- [EXERCISE DIRECTIONS]
Throughout the listing below, show every line in which "Dress" occurs.

- [RECORDED INFORMATION]
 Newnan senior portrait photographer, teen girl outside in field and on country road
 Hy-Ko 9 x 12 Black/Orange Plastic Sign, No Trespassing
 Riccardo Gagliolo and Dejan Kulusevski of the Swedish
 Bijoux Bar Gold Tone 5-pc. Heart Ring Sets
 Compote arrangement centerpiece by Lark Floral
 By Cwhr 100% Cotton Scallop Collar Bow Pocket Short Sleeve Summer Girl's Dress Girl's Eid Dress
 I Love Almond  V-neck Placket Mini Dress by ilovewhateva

- [RESULT FOR THIS EXERCISE]
 By Cwhr 100% Cotton Scallop Collar Bow Pocket Short Sleeve Summer Girl's Dress Girl's Eid Dress
 I Love Almond  V-neck Placket Mini Dress by ilovewhateva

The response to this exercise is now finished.